- **About this task**:
Please take the entries below from the first line through the line containing "Scaffolding surrounds a" and repeat them exactly, leaving out everything after.

- **Material supplied**:

_____

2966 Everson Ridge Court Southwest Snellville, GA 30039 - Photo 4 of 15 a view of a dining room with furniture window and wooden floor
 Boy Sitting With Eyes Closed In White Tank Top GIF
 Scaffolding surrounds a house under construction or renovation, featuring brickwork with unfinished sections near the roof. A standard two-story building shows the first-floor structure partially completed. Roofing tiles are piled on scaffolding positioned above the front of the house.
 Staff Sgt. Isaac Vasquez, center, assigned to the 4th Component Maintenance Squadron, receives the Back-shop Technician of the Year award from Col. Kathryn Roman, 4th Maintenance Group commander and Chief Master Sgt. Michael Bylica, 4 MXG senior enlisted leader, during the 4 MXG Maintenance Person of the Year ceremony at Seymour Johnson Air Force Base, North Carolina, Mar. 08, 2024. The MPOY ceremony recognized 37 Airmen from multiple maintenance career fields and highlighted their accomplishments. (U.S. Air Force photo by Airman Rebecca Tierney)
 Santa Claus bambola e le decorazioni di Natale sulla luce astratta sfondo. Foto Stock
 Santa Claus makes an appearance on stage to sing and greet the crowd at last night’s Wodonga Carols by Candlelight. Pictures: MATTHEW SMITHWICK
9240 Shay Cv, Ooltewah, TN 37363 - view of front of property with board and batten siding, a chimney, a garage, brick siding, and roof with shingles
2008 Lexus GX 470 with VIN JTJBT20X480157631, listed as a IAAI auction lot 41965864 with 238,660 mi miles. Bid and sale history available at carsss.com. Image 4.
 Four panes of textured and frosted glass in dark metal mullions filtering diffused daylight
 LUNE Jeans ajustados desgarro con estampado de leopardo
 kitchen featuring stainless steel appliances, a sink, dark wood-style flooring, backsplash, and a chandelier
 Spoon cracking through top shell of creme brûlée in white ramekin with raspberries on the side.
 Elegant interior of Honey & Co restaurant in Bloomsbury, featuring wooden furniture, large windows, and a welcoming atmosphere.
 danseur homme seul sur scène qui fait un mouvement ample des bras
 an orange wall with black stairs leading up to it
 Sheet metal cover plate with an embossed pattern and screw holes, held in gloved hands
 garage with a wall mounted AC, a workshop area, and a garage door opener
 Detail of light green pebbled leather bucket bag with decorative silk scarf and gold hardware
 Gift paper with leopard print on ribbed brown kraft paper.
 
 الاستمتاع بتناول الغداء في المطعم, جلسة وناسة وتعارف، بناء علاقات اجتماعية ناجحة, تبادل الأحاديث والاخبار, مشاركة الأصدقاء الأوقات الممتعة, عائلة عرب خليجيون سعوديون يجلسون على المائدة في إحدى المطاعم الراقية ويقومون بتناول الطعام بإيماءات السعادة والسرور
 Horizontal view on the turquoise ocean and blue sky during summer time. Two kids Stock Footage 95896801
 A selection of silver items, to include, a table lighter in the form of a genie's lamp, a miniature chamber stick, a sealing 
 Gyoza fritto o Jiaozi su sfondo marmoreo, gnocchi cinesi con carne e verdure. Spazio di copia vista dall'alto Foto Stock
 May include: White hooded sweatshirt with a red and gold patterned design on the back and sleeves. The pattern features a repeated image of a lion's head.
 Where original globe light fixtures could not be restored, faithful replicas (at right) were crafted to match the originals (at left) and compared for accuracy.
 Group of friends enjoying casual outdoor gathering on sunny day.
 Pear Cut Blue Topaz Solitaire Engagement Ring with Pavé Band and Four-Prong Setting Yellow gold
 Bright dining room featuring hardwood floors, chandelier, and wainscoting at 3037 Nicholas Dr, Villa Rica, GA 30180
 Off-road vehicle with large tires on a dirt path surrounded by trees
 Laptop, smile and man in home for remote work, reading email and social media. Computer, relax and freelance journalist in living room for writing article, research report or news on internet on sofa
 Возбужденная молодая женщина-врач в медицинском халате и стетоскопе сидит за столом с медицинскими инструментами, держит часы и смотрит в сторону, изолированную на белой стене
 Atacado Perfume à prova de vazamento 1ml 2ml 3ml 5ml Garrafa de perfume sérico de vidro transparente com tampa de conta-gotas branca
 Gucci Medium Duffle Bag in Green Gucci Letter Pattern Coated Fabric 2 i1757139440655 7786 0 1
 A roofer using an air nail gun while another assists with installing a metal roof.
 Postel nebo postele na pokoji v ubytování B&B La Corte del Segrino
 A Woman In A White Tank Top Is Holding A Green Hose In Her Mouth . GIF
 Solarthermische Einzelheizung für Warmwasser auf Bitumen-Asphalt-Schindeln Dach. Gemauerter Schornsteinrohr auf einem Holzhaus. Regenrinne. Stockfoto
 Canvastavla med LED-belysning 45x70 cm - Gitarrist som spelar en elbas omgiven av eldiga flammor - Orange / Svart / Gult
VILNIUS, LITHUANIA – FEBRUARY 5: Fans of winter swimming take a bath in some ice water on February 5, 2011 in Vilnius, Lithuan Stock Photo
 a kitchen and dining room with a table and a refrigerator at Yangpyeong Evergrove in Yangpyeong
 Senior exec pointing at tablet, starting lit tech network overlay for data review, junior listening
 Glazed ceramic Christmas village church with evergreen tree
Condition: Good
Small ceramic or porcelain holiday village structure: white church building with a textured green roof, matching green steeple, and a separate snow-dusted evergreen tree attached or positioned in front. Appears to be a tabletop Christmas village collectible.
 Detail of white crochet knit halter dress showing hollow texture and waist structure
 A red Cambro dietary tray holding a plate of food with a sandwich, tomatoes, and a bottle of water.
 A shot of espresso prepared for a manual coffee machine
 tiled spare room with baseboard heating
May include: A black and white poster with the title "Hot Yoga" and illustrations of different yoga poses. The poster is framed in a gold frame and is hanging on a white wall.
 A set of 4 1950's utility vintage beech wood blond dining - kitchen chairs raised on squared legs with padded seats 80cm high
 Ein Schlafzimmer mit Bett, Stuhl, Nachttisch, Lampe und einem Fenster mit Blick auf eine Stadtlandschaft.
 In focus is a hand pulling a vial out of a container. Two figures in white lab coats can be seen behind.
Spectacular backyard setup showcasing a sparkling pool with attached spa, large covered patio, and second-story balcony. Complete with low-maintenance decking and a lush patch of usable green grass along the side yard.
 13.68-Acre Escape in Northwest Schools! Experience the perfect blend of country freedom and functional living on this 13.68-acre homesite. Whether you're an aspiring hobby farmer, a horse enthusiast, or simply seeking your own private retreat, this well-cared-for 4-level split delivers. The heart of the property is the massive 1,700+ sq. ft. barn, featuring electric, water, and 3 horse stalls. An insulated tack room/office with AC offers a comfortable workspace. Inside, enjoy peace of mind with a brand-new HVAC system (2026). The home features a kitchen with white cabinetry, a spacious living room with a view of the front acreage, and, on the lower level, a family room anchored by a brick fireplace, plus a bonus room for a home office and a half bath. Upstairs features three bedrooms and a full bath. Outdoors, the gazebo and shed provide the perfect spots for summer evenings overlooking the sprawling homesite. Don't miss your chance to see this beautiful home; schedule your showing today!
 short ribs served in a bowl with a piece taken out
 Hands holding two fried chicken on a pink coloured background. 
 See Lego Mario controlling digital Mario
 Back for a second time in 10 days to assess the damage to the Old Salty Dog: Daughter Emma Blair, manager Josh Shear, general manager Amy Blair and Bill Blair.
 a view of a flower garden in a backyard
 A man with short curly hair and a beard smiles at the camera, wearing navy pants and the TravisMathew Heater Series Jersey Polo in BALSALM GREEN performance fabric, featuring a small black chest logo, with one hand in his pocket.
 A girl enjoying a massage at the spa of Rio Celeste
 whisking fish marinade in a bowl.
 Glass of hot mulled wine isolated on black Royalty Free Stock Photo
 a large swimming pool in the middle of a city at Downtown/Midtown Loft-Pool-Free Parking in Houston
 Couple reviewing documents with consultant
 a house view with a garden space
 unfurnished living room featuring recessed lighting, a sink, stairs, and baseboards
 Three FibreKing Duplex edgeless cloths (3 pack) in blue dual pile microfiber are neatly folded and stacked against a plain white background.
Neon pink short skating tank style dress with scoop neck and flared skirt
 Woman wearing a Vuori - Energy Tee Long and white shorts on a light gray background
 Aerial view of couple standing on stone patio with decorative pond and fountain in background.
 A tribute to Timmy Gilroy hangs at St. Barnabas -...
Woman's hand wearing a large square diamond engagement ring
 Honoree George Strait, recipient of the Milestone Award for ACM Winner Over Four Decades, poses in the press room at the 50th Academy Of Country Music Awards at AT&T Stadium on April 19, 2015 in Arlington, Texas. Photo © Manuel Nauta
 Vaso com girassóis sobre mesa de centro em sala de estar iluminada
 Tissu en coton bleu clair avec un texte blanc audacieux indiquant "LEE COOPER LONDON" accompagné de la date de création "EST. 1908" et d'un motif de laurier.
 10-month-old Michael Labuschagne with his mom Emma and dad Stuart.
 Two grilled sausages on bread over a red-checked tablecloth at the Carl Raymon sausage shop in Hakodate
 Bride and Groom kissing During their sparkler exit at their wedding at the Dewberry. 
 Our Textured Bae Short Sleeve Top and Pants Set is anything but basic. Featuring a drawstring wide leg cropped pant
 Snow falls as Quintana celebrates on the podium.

_____

- **Solution below**:
2966 Everson Ridge Court Southwest Snellville, GA 30039 - Photo 4 of 15 a view of a dining room with furniture window and wooden floor
 Boy Sitting With Eyes Closed In White Tank Top GIF
 Scaffolding surrounds a house under construction or renovation, featuring brickwork with unfinished sections near the roof. A standard two-story building shows the first-floor structure partially completed. Roofing tiles are piled on scaffolding positioned above the front of the house.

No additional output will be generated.